What is needed ▸
Below is a listing with pictures in it; transcribe exactly the lines from the one that has "- Northern Disclosure" through the one that has "Couverture du produit", and omit those pictures.

Exercise data ▸

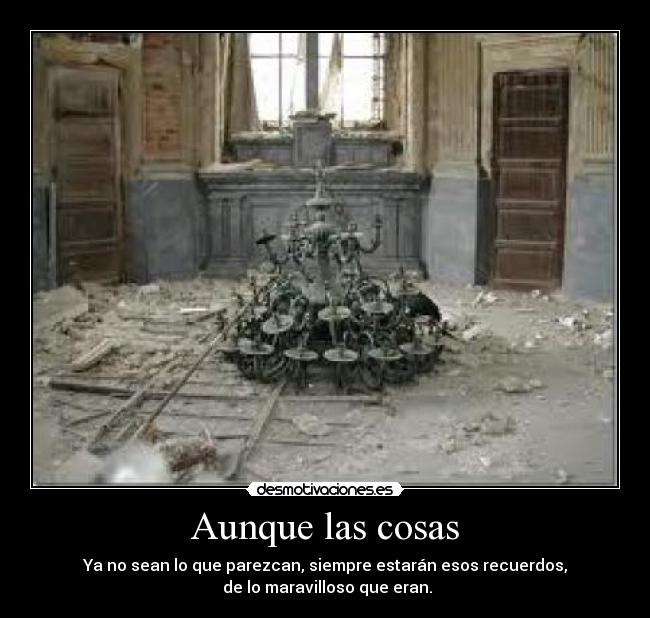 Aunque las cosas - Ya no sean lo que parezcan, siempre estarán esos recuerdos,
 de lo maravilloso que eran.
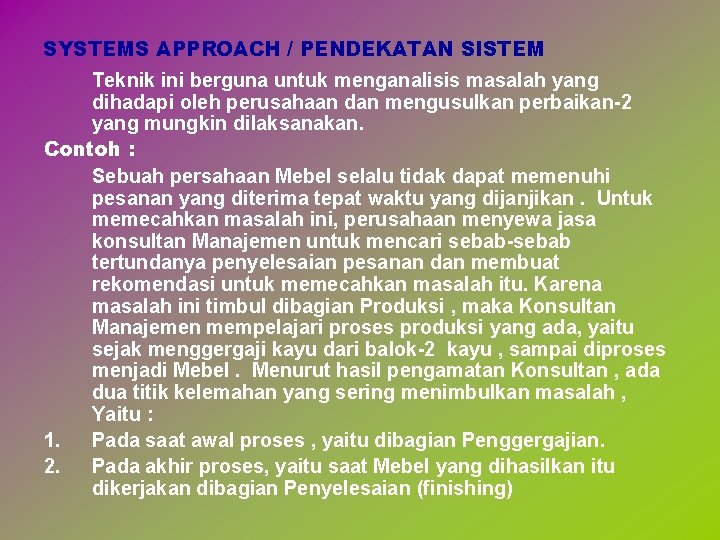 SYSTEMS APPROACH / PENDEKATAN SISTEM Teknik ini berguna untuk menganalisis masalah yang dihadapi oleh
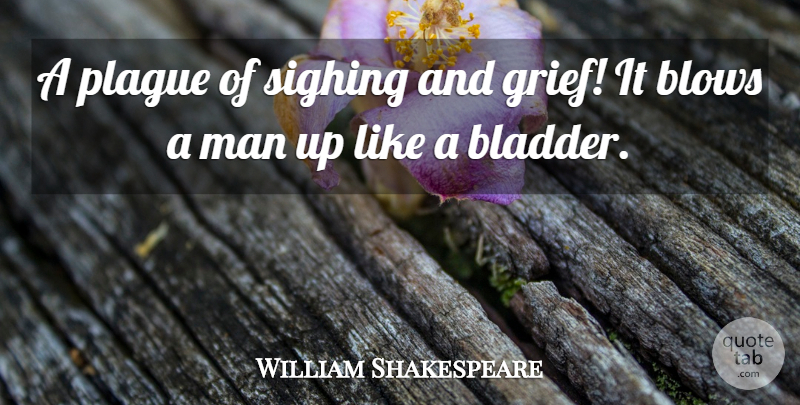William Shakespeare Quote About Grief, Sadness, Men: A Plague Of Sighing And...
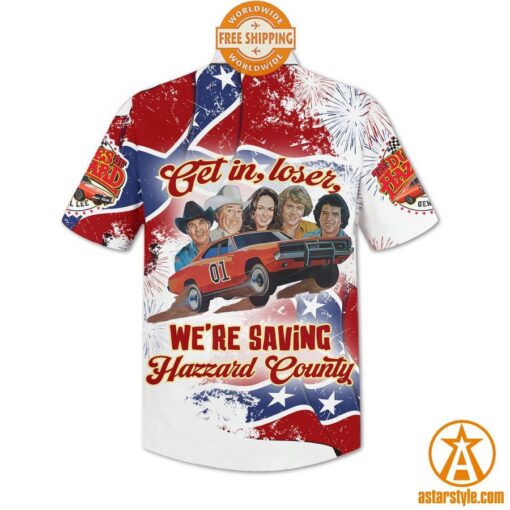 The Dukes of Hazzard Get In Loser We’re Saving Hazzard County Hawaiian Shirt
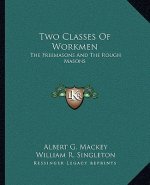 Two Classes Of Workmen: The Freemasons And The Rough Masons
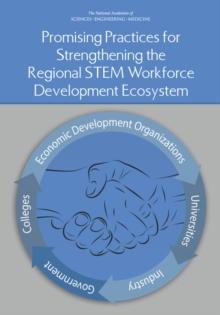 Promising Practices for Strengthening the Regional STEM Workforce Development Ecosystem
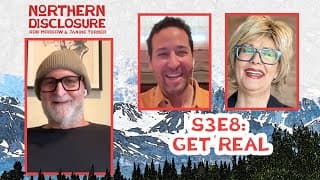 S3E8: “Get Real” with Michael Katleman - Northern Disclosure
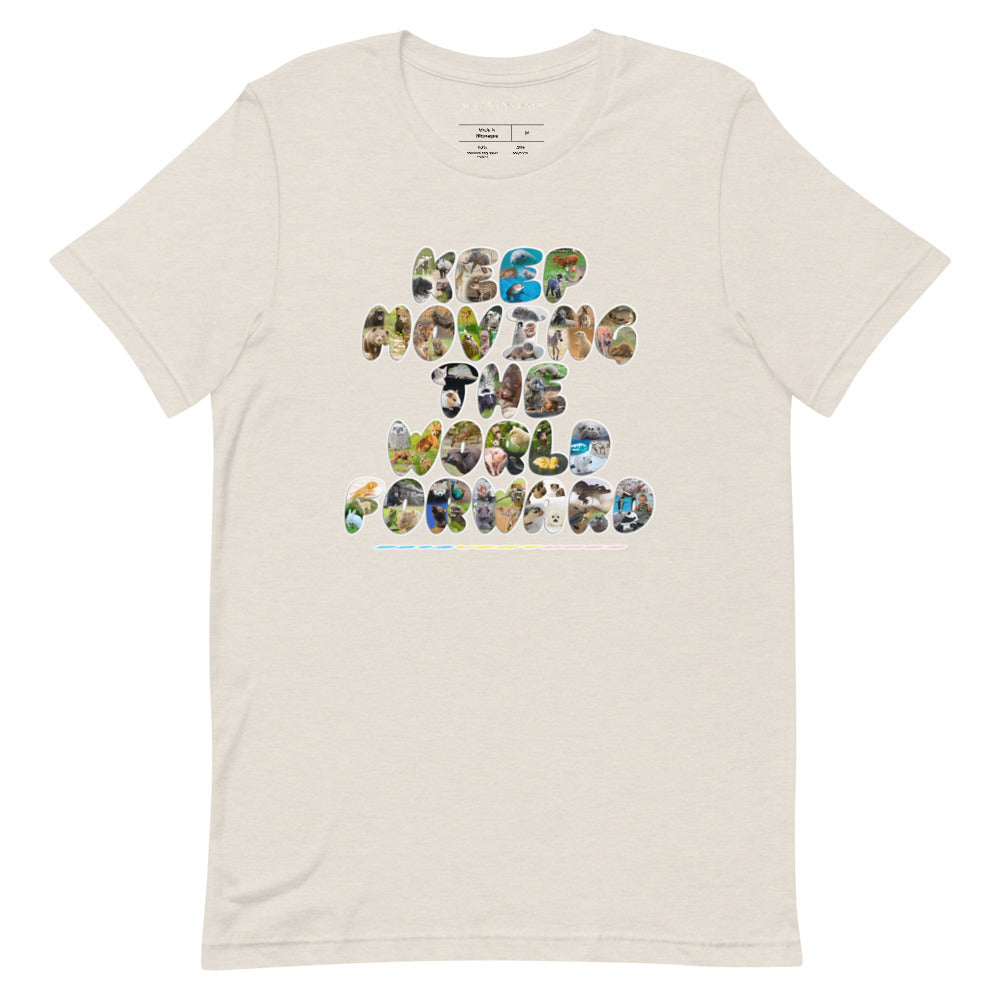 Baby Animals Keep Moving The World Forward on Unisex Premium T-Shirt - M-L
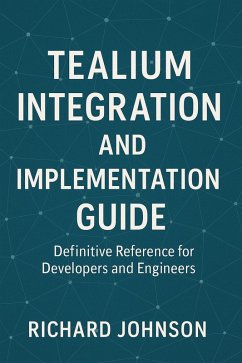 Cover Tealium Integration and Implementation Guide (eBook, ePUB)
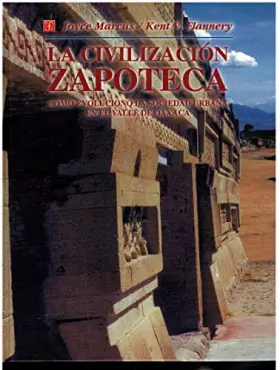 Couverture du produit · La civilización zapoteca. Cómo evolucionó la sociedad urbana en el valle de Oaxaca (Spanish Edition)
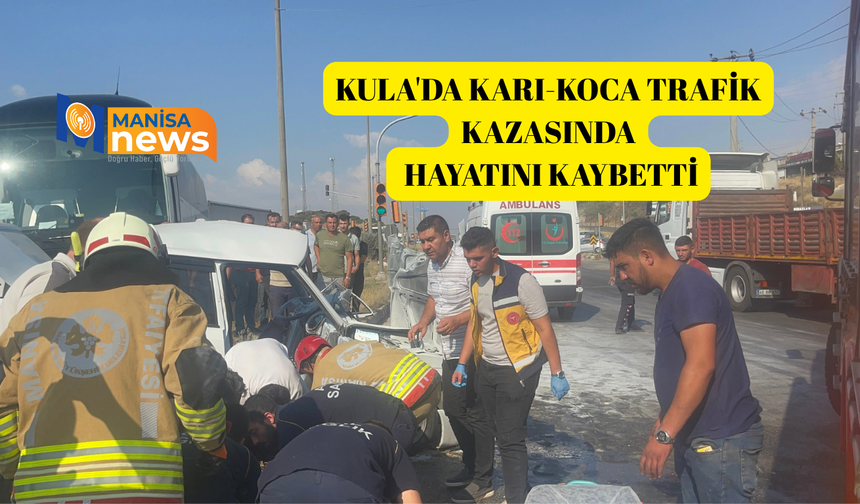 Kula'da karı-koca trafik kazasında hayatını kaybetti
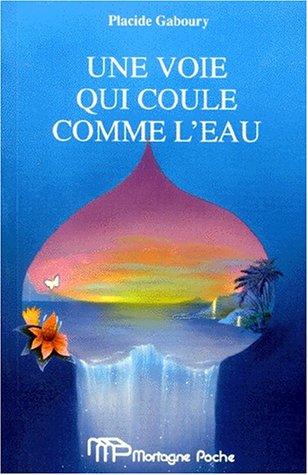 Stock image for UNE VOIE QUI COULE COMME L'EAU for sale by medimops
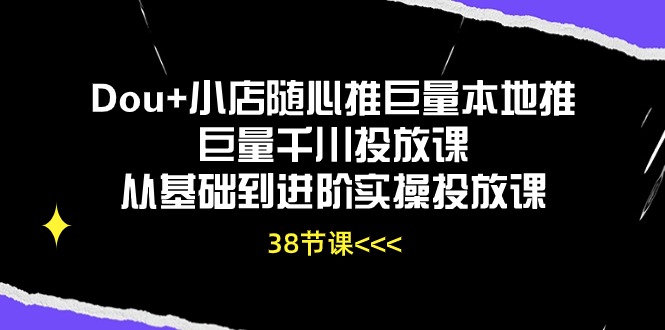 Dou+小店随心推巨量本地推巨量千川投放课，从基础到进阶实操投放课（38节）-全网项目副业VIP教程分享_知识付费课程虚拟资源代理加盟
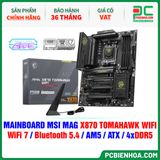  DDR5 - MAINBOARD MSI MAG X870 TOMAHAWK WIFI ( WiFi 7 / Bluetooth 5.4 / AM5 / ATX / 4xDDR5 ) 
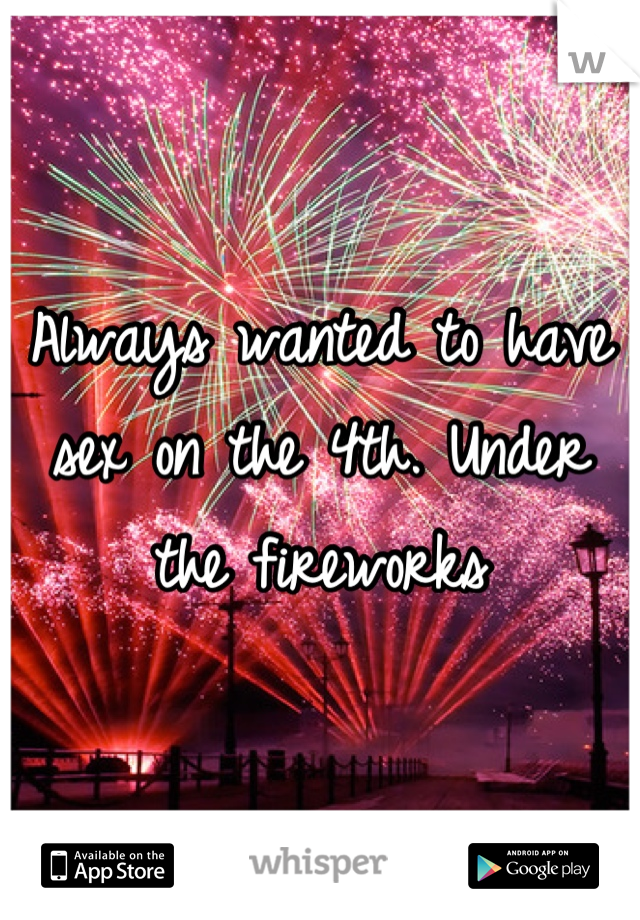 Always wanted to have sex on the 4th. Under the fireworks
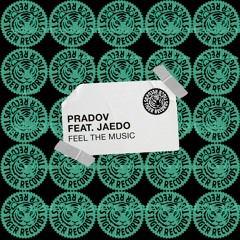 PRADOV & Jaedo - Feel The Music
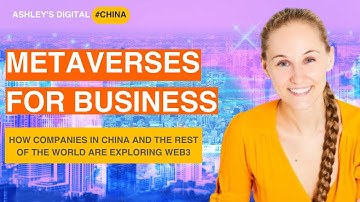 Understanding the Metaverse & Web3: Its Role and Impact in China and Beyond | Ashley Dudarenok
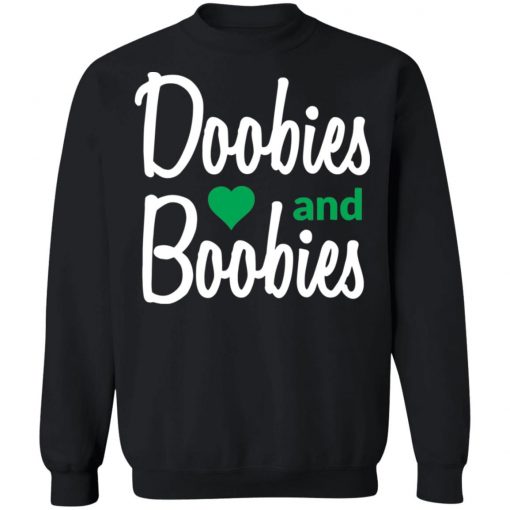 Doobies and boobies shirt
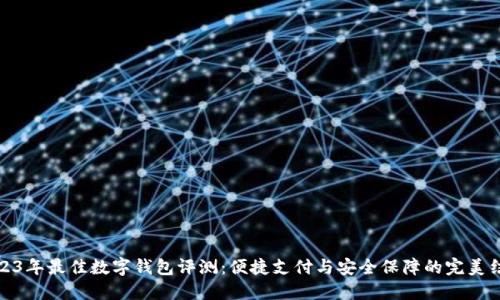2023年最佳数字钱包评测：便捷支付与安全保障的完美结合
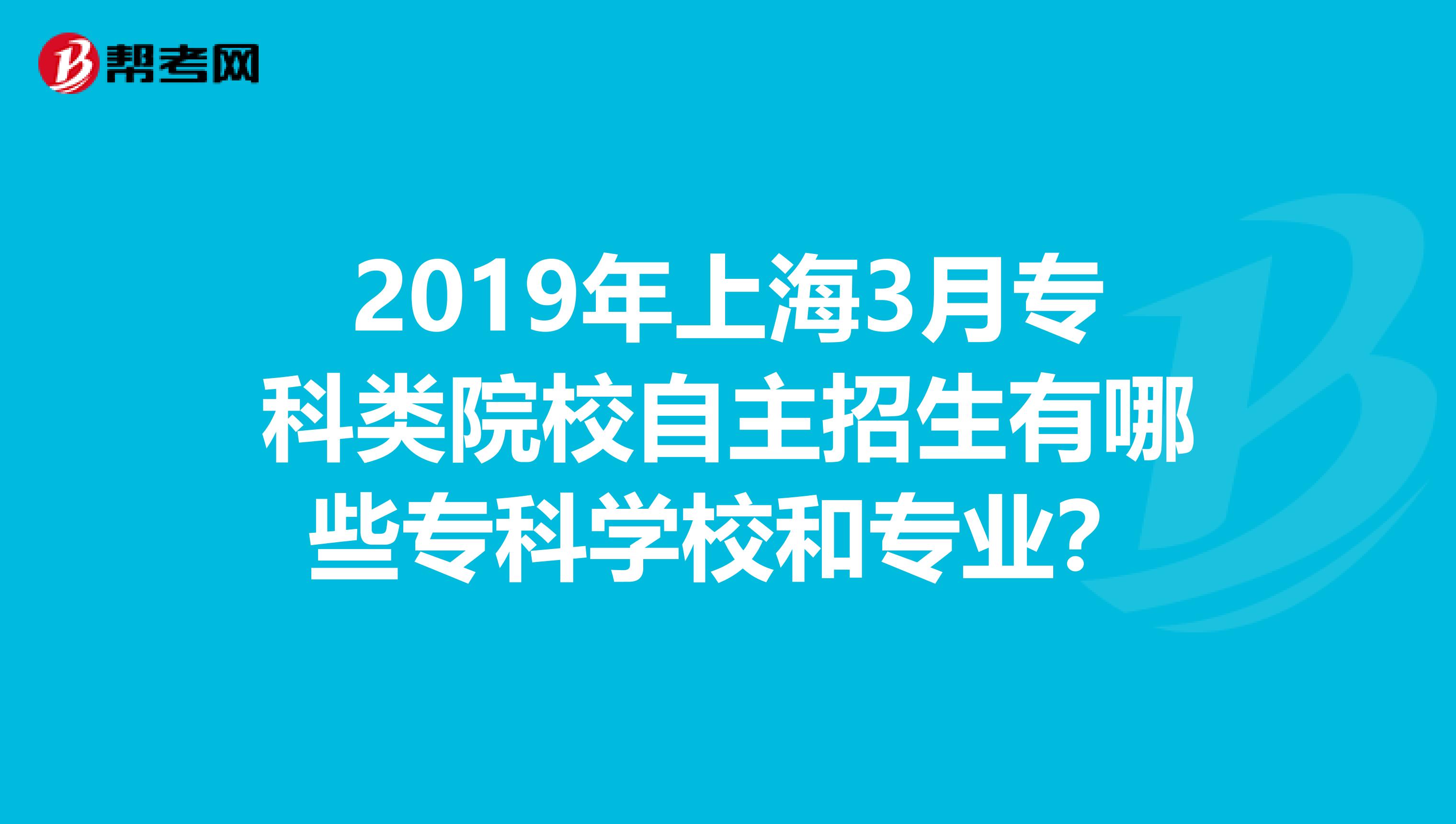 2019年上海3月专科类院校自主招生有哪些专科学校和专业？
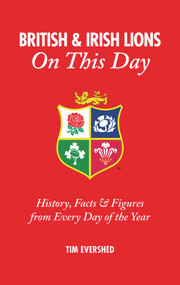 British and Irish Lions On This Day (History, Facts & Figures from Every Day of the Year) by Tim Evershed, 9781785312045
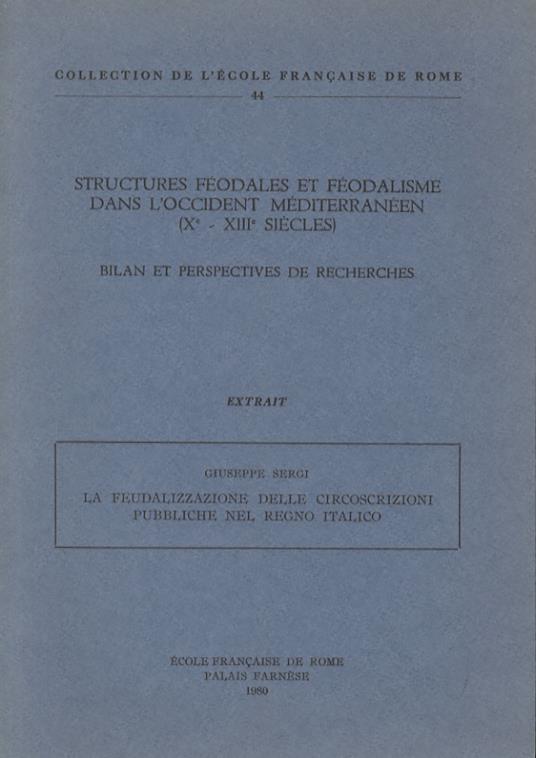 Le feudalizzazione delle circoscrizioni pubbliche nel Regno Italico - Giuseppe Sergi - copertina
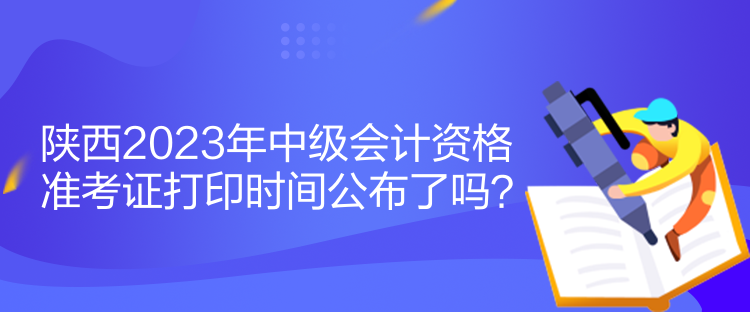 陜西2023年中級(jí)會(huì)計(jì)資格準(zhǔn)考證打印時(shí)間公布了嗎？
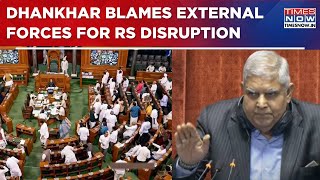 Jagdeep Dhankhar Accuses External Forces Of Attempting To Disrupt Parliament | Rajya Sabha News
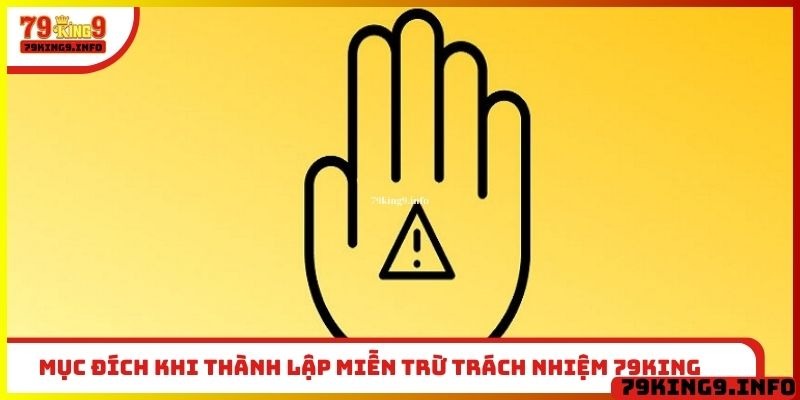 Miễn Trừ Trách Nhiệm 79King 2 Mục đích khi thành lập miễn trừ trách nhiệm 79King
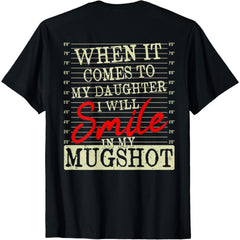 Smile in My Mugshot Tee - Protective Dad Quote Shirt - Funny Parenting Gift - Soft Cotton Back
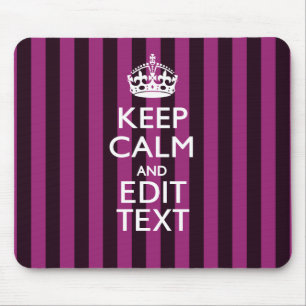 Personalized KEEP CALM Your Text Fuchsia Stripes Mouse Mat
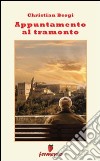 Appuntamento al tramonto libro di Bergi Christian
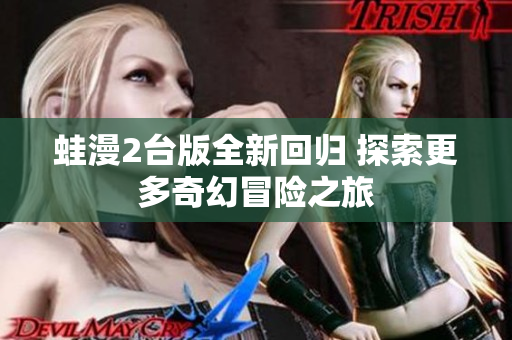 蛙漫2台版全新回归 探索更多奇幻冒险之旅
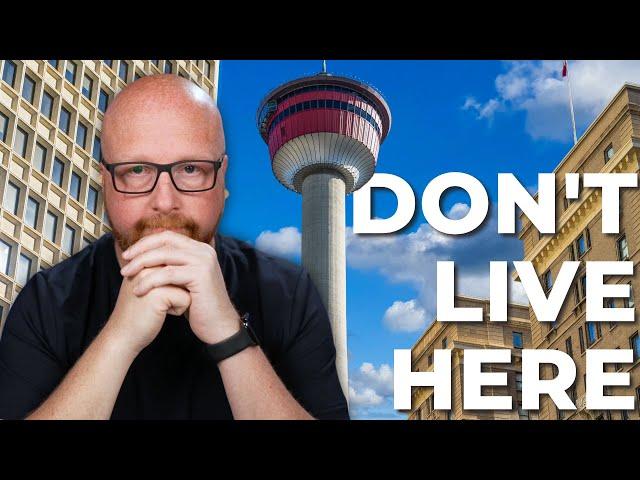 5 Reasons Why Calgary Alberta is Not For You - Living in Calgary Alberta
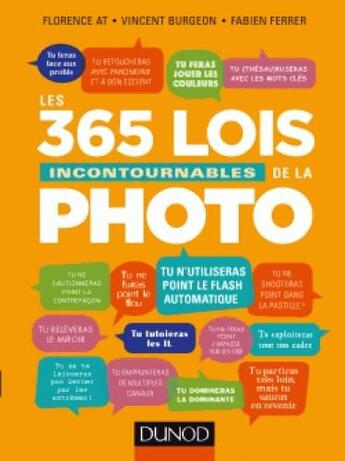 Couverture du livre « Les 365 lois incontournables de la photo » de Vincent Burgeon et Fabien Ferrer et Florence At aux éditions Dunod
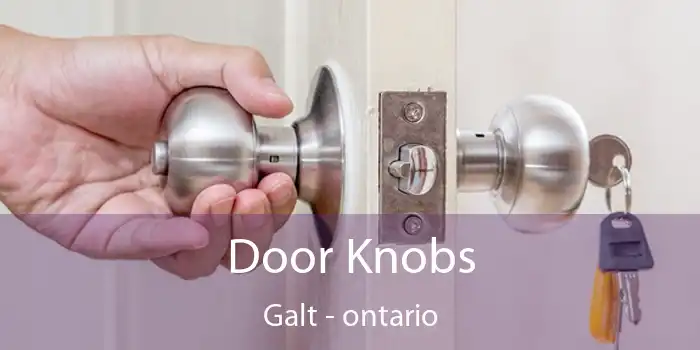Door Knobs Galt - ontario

Exercise output ▸
 S3E8: “Get Real” with Michael Katleman - Northern Disclosure
 Baby Animals Keep Moving The World Forward on Unisex Premium T-Shirt - M-L
 Cover Tealium Integration and Implementation Guide (eBook, ePUB)
 Couverture du produit · La civilización zapoteca. Cómo evolucionó la sociedad urbana en el valle de Oaxaca (Spanish Edition)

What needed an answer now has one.